The design, analysis, and reporting for this meta-analysis followed the MOOSE guidelines [10]. Relevant studies were identified by a literature search of the PubMed database (from January 1966 to September 1, 2016), without restrictions, using the search terms “alcohol consumption”, “alcohol drinking”, or “alcohol intake” combined with “stroke”, or “cerebrovascular disease”, or “cerebral infarction”, or “intracerebral hemorrhage” or “subarachnoid hemorrhage”. The database search was performed by two authors (SCL and AWa) and enhanced by searches of the reference lists of identified articles.

Inclusion criteria

Two authors (SCL and AWa) independently evaluated all records by title, abstract, or full text for potentially eligible studies, and any disagreement was resolved by consensus. Eligible for inclusion in the meta-analysis were prospective studies that reported relative risks (RR) with 95 % confidence intervals (CI) for quantitative categories of alcohol consumption in relation to non-fatal or fatal ischemic stroke, intracerebral hemorrhage, or subarachnoid hemorrhage. Studies that only reported data on total stroke (ischemic and hemorrhagic strokes combined) or total hemorrhagic stroke were not eligible. Where duplicate publications were available from the same study population, the study with data on stroke types and the largest number of stroke cases was included.

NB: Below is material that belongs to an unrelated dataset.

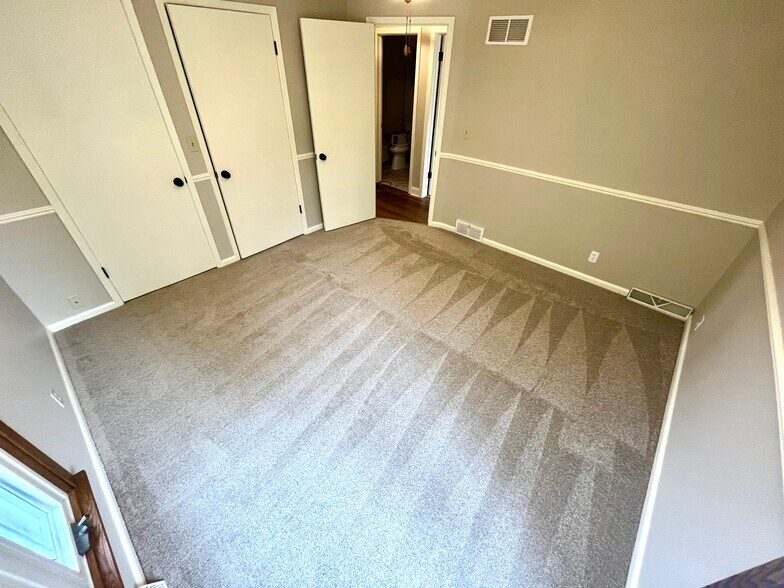 Building Photo - 16430 Tia Ct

Data extraction and quality assessment

Details recorded for each study were the first author’s surname, publication year, study name, country in which the study was performed, number of subjects, proportion of men, age range, mean follow-up, number of cases for each stroke type, method used for assessment of alcohol consumption, average or range of alcohol intake as well as number of cases and person-years (or non-cases if person-years were not provided) in each category, RRs with 95 % confidence intervals (CIs) for each category, and covariates controlled for in the most fully adjusted multivariable model. Study quality was evaluated with the Newcastle–Ottawa Scale [11]. The quality score ranged from 0 to 9. Details of how the criteria were applied are described in Additional file 1: Figure S1.

Statistical analysis

To place the studies on a common scale, alcohol consumption was standardized to drinks of alcohol. If alcohol consumption was reported in grams, the values were converted into drinks by assuming that one drink on average contains 12 grams of alcohol. The median or mean alcohol intake for each category was assigned to the corresponding risk estimate. If average values were not reported, each category was assigned the midpoint of the upper and lower boundaries for that category. If an upper boundary was not provided for the highest category, the boundary was presumed to have the same range as the adjacent category. In a sensitivity analysis, for studies that did not provide the average value for the highest category, the mid-point for the highest category was set at 1.5 times the half range of the preceding category.

A random-effects model was used to combine study-specific RRs by alcohol consumption categories based on the average consumption in each category. The exposure categories were as follows: light (< 1 drink/day), moderate (1–2 drinks/day), high (> 2–4 drinks/day), and heavy (> 4 drinks/day) alcohol consumption. The comparison group was the reference group in each study (i.e., non-drinkers, never drinkers, or occasional drinkers). In a sensitivity analysis, we stratified the studies by reference group used.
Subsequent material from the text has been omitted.